While produce may be in peak season right now, some chefs are already thinking ahead to preparing locally grown fruits and vegetables through the winter.
University of Montana Executive Chef Patrick Browne and his staff are already fast at work flash-freezing fruits and fermenting greens and chilies—sourced from the campus’ garden and from Montana farmers—to be menued during the off-season.
By keeping a flexible game plan, Browne’s staff has been able to prepare produce “on the fly” and experiment with fermentation processes.
When Browne receives a sizable produce shipment from a local farm, his staff will determine the best processing method for the product received. One of the biggest challenges is timing, as staff won’t know what’s about to be delivered until a few days in advance. Thus, they have to plan processing around both delivery and staffing schedules. Browne will often designate a few student workers to vacuum seal and freeze produce like berries, kale and chard, a process that may take a few hours.
For a more labor-intensive job, like cleaning 10 pounds of basil leaves for scratch-made pesto sauces, Browne will round up a group of student workers to process the basil as cooks take on regular prep for daily meals.
“It’s quite the juggling act,” Browne says.
Browne also found that flexibility is key as his staff transitioned into preserving local produce via fermentation.

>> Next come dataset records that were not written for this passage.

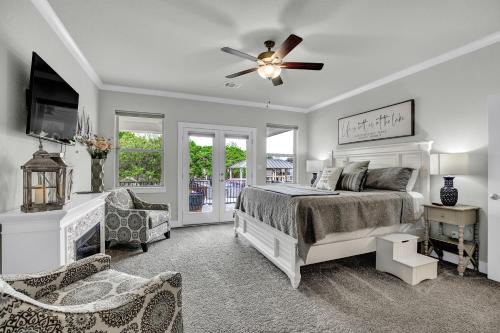 a bedroom with a bed and a ceiling fan at Stunning Luxury Lake Home with Waterfront & Dock! in Horseshoe Bay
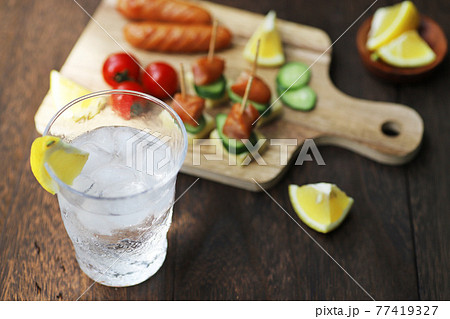 グラスに注がれた冷たいハイボールとおつまみ グラスに注がれた冷たいハイボールとおつまみ 77419327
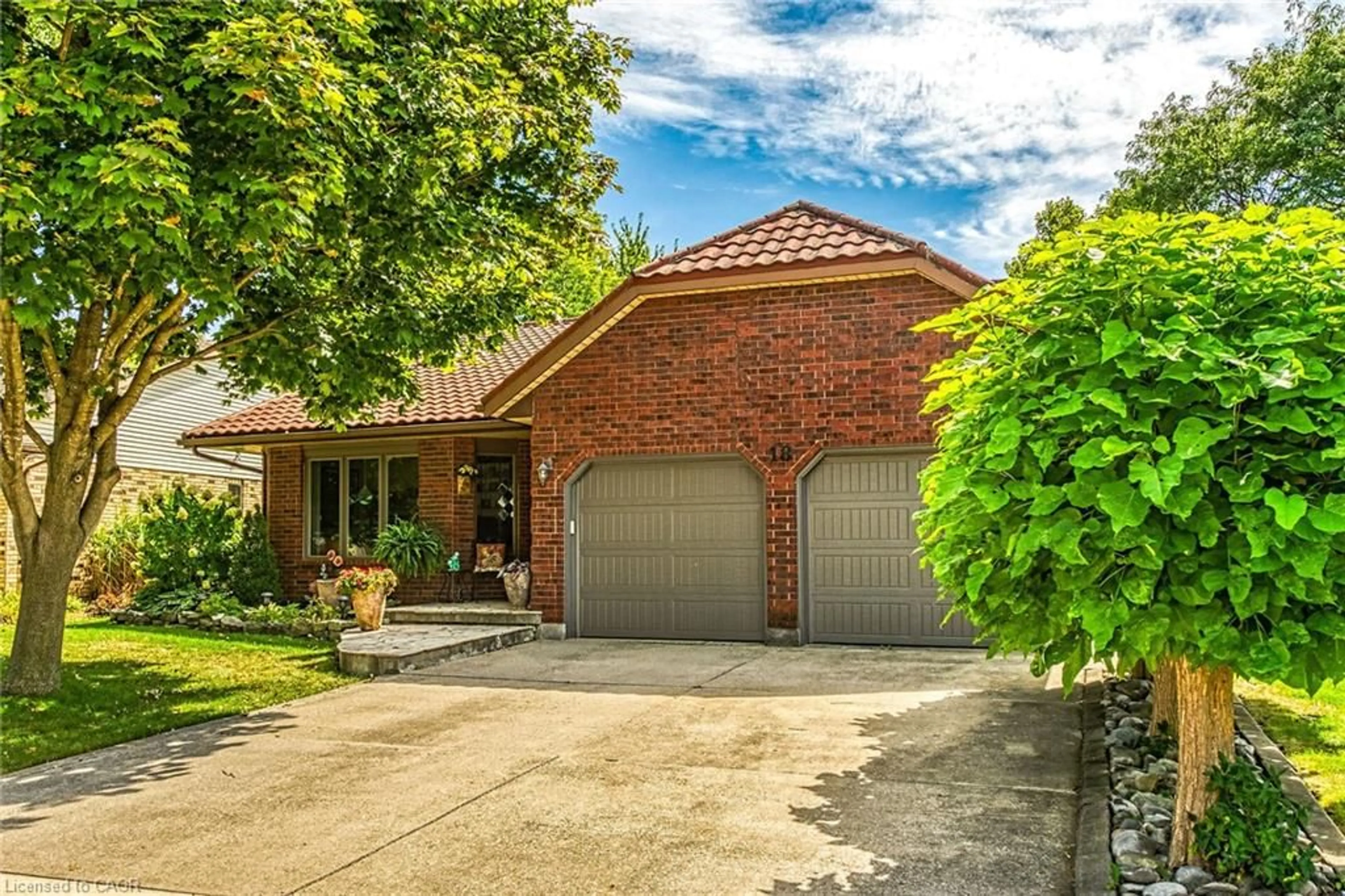 Home with brick exterior material, street for 18 Mcmaster Dr, Caledonia Ontario N3W 1G9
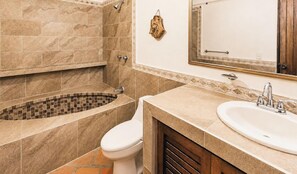 Ein Badezimmer mit Badewanne, Toilette, Waschbecken und Spiegel.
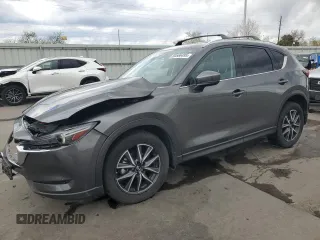 2017 Mazda CX-5 Grand Touring with VIN JM3KFBDL4H0163339, listed as a Copart auction lot 50566495 with 83,453 mi miles and Salvage Title. Bid and sale history available at carsss.com. Image 1.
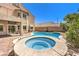Backyard with a pool, hot tub, and a balcony above a covered patio at 11219 Playa Bonita Ave, Las Vegas, NV 89138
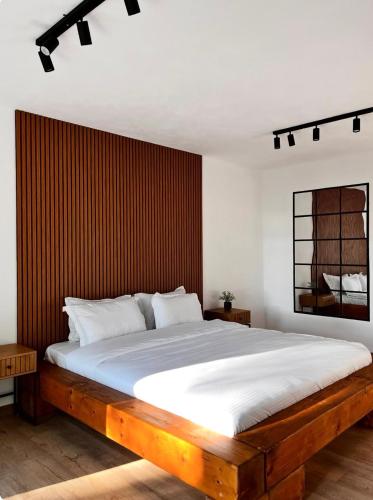 a bedroom with a large bed with a wooden headboard at Woodland Retreat in Ampoiţa
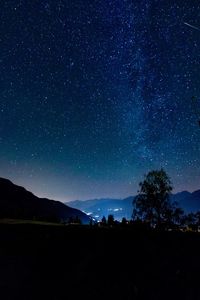 Scenic view of silhouette landscape against star field at night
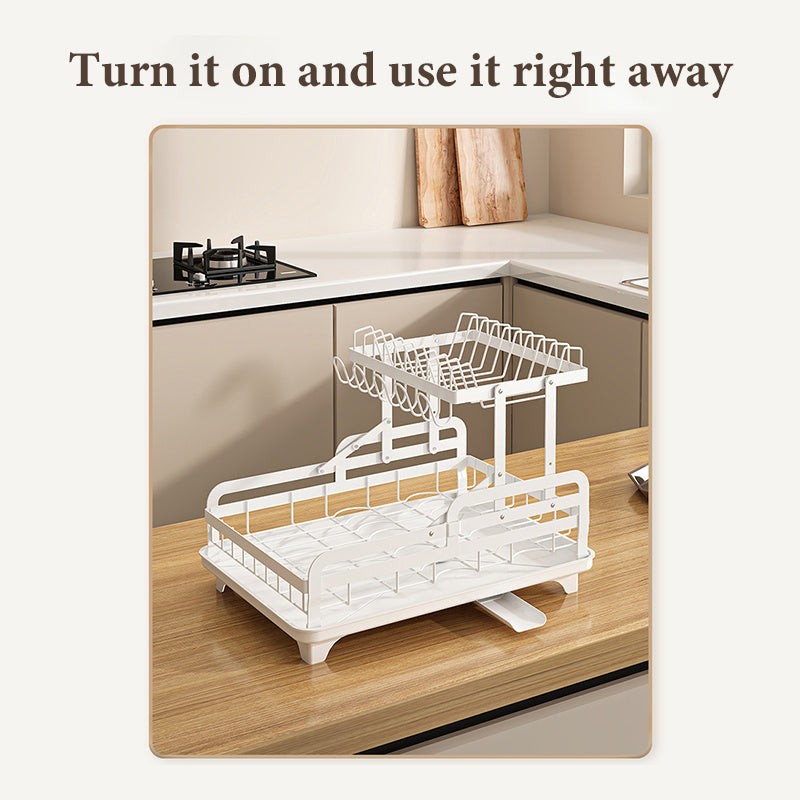White collapsible kitchen dish rack on wooden countertop in modern kitchen for efficient dish drying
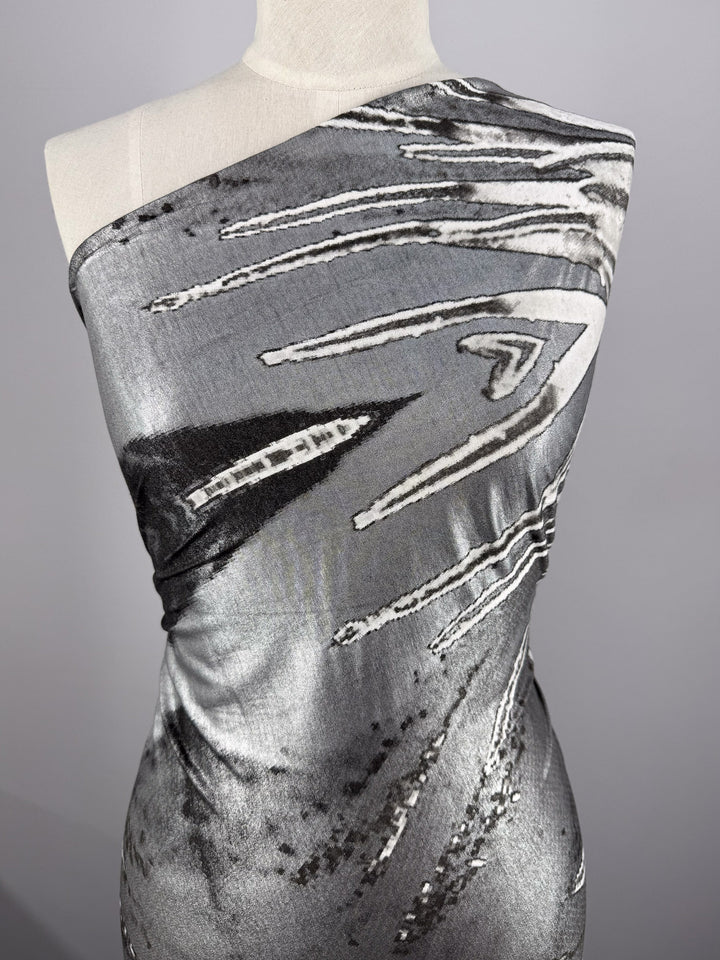 A headless dress form draped in Super Cheap Fabrics' Viscose Knit - Cosmic Burst (145cm), featuring a shiny, one-shoulder design with an abstract black, white, and gray bold-lined pattern.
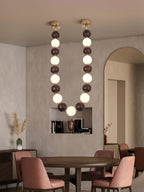 Lustre de colar de contas de nogueira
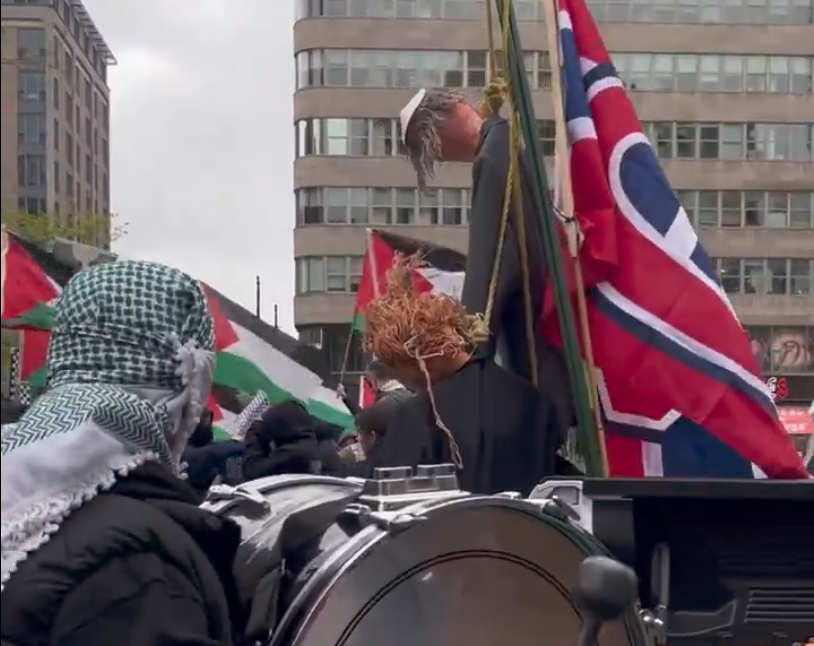 Anti-Israel protesters parade in Montreal in the week of May 24, 2025, with mock hangings displays. (Guillaume Roy/Rebel News/Screenshot via The Epoch Times)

When he receives a shipment of kohlrabi or Napa cabbage, his chefs will create a kimchee that combines local ingredients.
While the staff’s fermenting endeavors are still on a small scale—mostly kimchees and hot sauces—there are already plans to create more complex options, such as fermented mushrooms, that can be added to menus this winter.
“Whatever’s around, we just kind of use it,” he says. “We’re trying to just have things in our arsenal that we can pull out and use for different [items].”